PROVIDED MATERIAL START

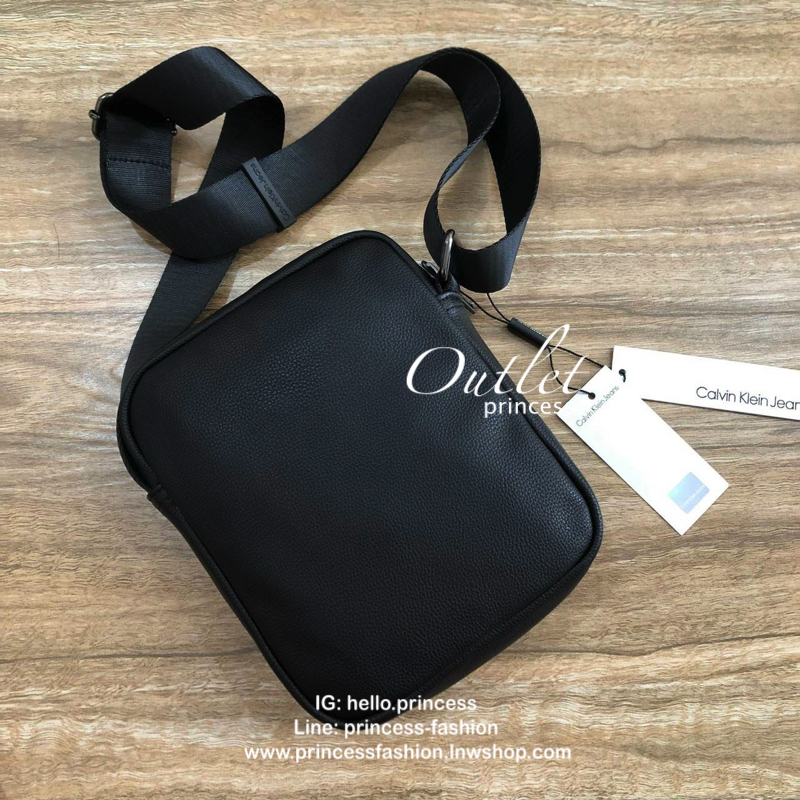 CALVIN KLEIN JEANS CROSSBODY BAG กระเป๋าสะพายจาก Calvin Klein Jeans วัสดุหนังpuคุณภาพดีเนื้อนิ่ม น้ำหนักเบา กันน้ำ ด้านหน้ามีปั้มโลโก้ เปิดปิดด้วยซิปสะดวกใช้ หัวซิปแบรนด์ ด้านหน้ามีช่องโล่งไว้ใส่ของหยิบใช่สะดวก ภายในมีโลโก้เเละช่องโล่ง ใส่กระเป๋าสตางค์ใบย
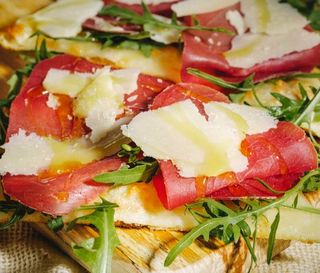Pizza bresaola al spicchio 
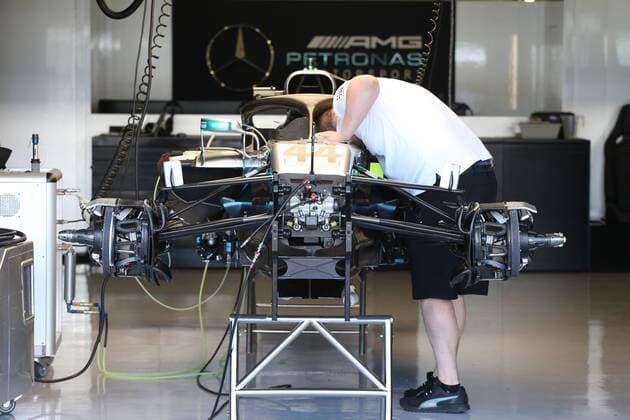 Photo4 LaPresse 05 07 2018 Silverstone, England Grand Prix Formula One England 2018 In the pic: Mechanics work on Mercedes AMG F1 W09  Copyright: xPhoto4 LaPressex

PROVIDED MATERIAL END

| TASK DETAILS |
Retype the full listing exactly; pictures stay out.

| WRITTEN RESPONSE |
 CALVIN KLEIN JEANS CROSSBODY BAG กระเป๋าสะพายจาก Calvin Klein Jeans วัสดุหนังpuคุณภาพดีเนื้อนิ่ม น้ำหนักเบา กันน้ำ ด้านหน้ามีปั้มโลโก้ เปิดปิดด้วยซิปสะดวกใช้ หัวซิปแบรนด์ ด้านหน้ามีช่องโล่งไว้ใส่ของหยิบใช่สะดวก ภายในมีโลโก้เเละช่องโล่ง ใส่กระเป๋าสตางค์ใบย
Pizza bresaola al spicchio 
 Photo4 LaPresse 05 07 2018 Silverstone, England Grand Prix Formula One England 2018 In the pic: Mechanics work on Mercedes AMG F1 W09  Copyright: xPhoto4 LaPressex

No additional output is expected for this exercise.